Heute befindet sich an dem Ort ein Dresdner Verkehrsmuseum, was gleichfalls sehr empfehlenswert ist. Es wurde im Jahre 1956 eröffnet & bietet eine enorme Palette an interessanten Ausstellungswerken von allen Verkehrsarealen, das heißt aus dem Eisenbahnverkehr, der Luftfahrt, dem Straßenverkehr sowie der Schifffahrt.

Dort findet jede Person etwas, das ihm gefällt; ganz gleich flanieren, ein Restaurantbesuch oder Geschichte sowie Kultur erleben, die Möglichkeiten scheinen nicht zu enden.
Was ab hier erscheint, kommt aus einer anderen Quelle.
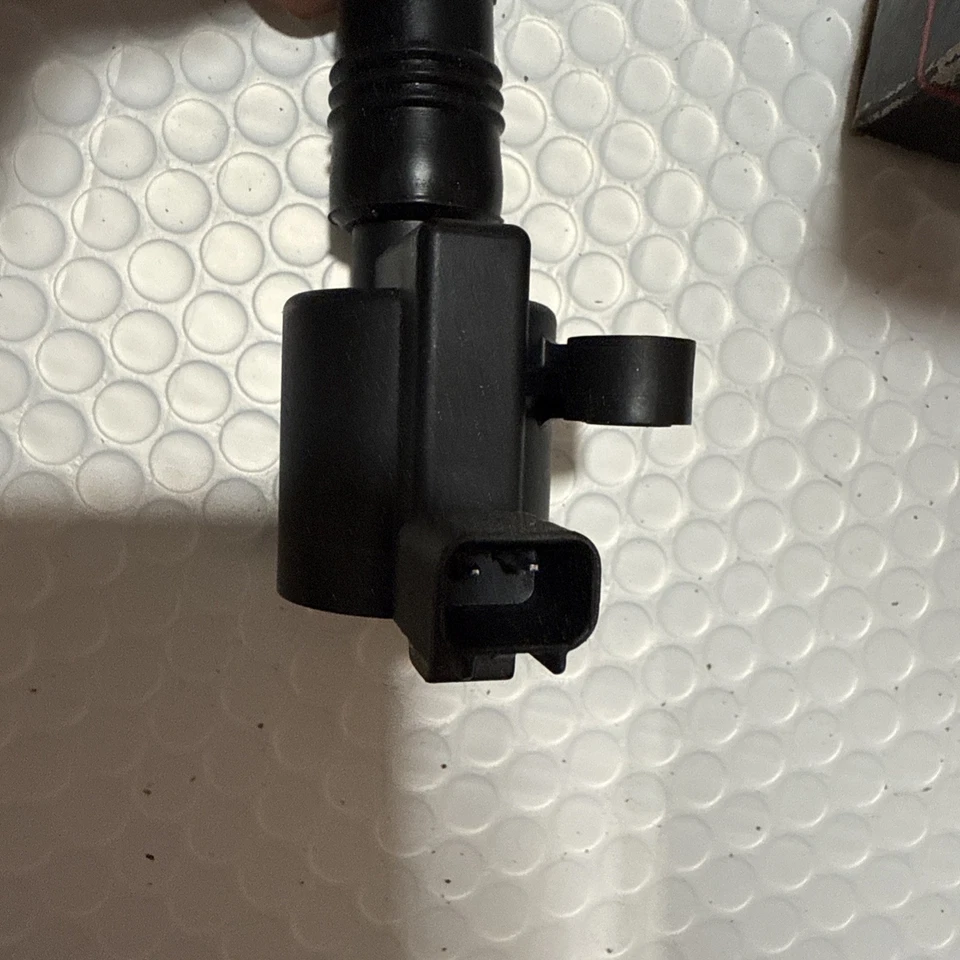 Bobina de encendido BWD E418 para Lincoln LS 2000-2006 Ford Thunderbird y Jaguar Foto 2 de 4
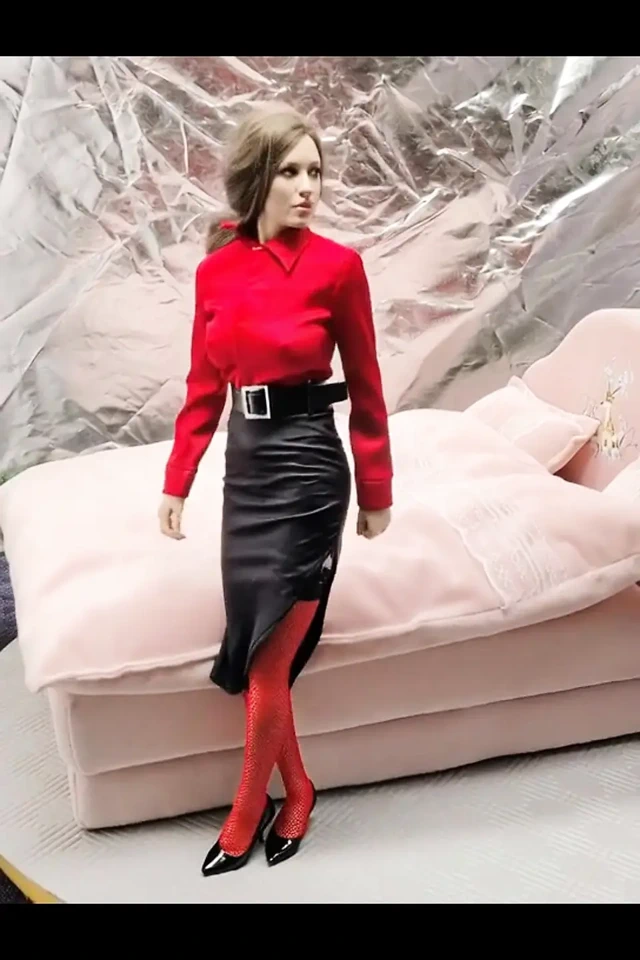 Kırmızı bluzlu Cynthia - soyunuyor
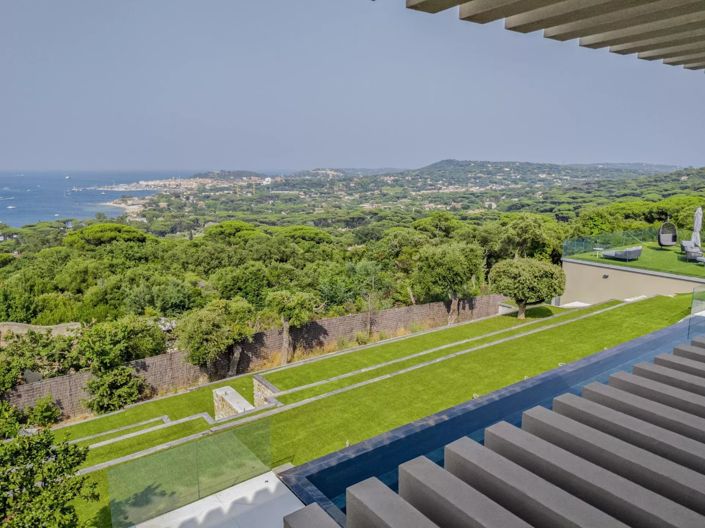 Image No.7-6 Bed House for sale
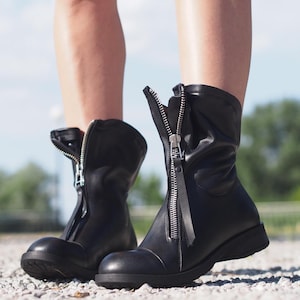 Women's Black Genuine Leather Boots,Leather Boots for women,Extravagant Leather Winter Boots,Women's Leather Ankle Boots,Women leather boots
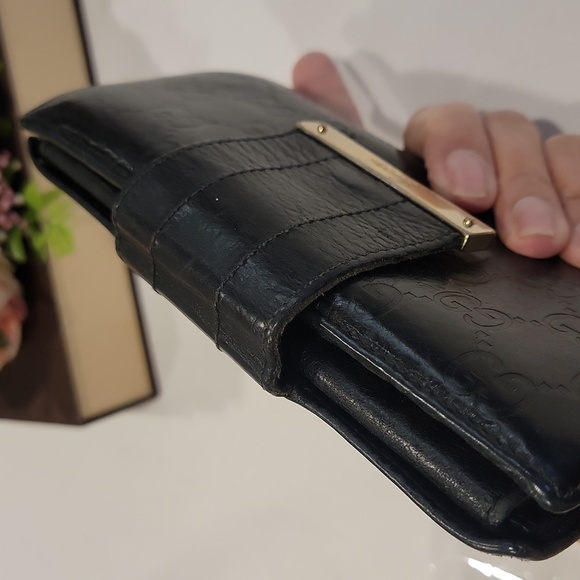 Authentic Gucci Guccisima wallet - Picture 5 of 10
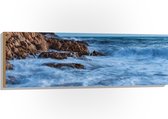 Hout - Zee - Rotsen - Stenen - Golven - Water - 120x40 cm - 9 mm dik - Foto op Hout (Met Ophangsysteem)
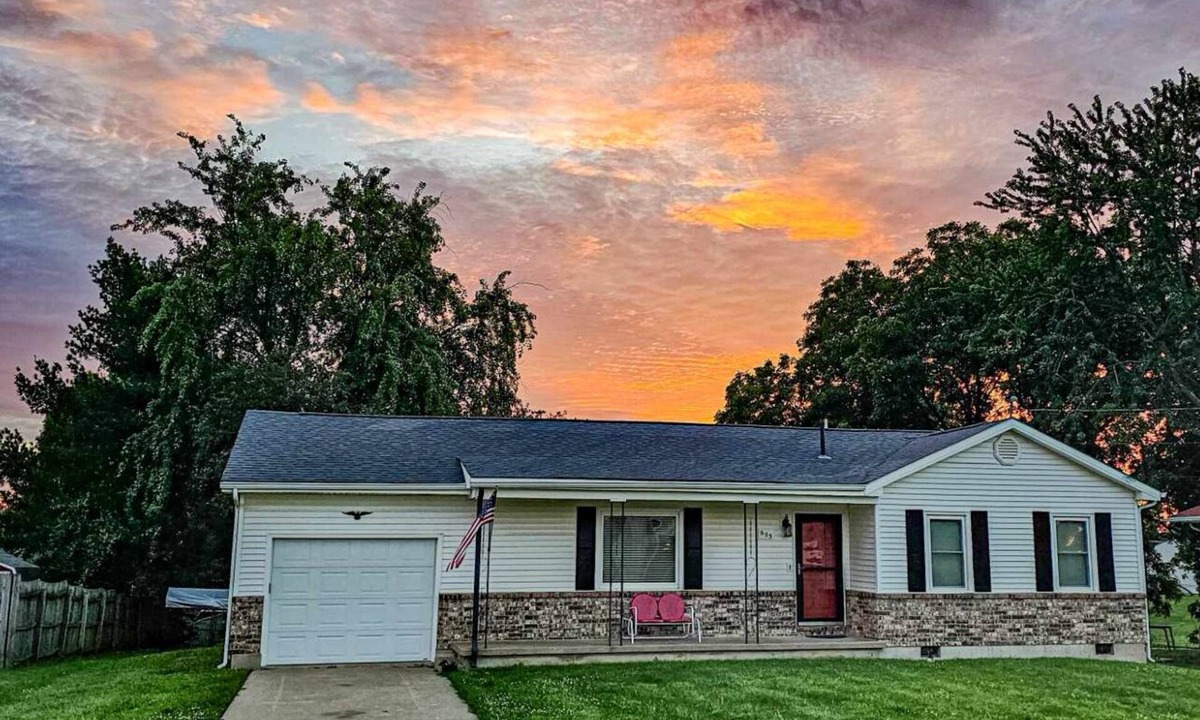 Marshall House | Just like Home, Cozy place to stay with easy access to 65 Hwy.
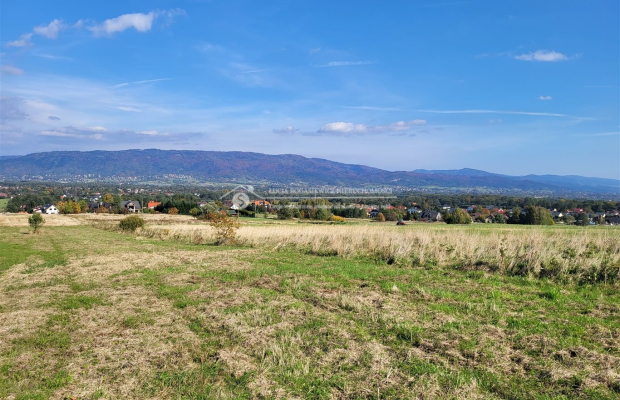 Widokowa pod dom lub inwestycję - działka blisko Szczyrku!!!   
Idealna oferta, jeśli szukasz przestronnej działki otoczonej pr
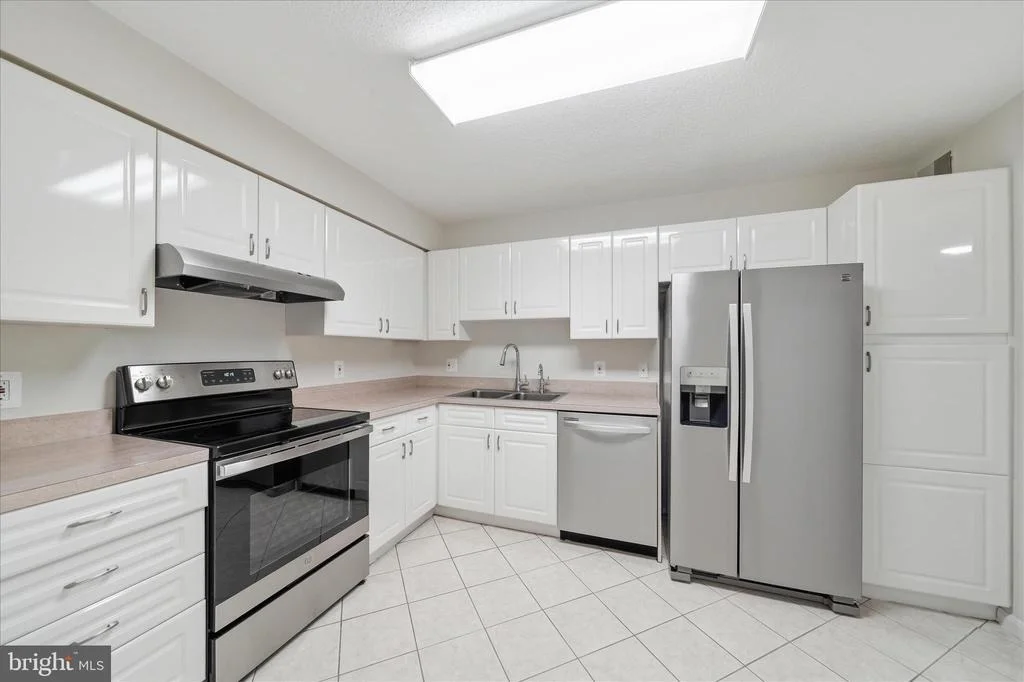 Photo of Unit 402 at 14809 PENNFIELD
Der Kulturpalast wird aktuell umgestaltet & sollte bald abermals die Tore eröffnen. Das 1969 gebaute Bauwerk könnte man dem typischen DDR-Stil zuschreiben. Dort fanden langjährig viele Kultur-Feierlichkeiten statt. Es ereigneten sich hier Lesungen, Tanzveranstaltungen, Konzerte ebenso wie andere Kultur-Feierlichkeiten. Der Hauptnutzer war aber die Dresdner Philharmonie.

Der „Dresdener Neumarkt“ wird Schritt für Schritt wieder an sein ursprüngliches Barockes Erscheinungsbild angeglichen, was heißt, dass jene historischen Bauten allmählich wiederaufgebaut werden .

Die Kirche ist 1743 gebaut worden, stürzte jedoch in dem Feuersturm vom 2. Weltkrieg gänzlich in sich zusammen. Erst 2005 war der Wiederaufbau fertig und Besucherströme konnten sich zu guter Letzt erneut dieses außergewöhnliche Gemäuer anschauen.

Er wird bekanntlich von der Frauenkirche, dem Johanneum, dem Kulturpalas und dem Kurländer Palais umgrenzt.

Einer könnte diesen gut als Zentrum unserer historischen Altstadt deklarieren, weil dieser anhand etlicher Sehenswürdigkeiten begrenzt wird.

Ebenso für nicht Kirchengänger zu 100% sehenswert, weil jene Baukunst ist einfach einmalig.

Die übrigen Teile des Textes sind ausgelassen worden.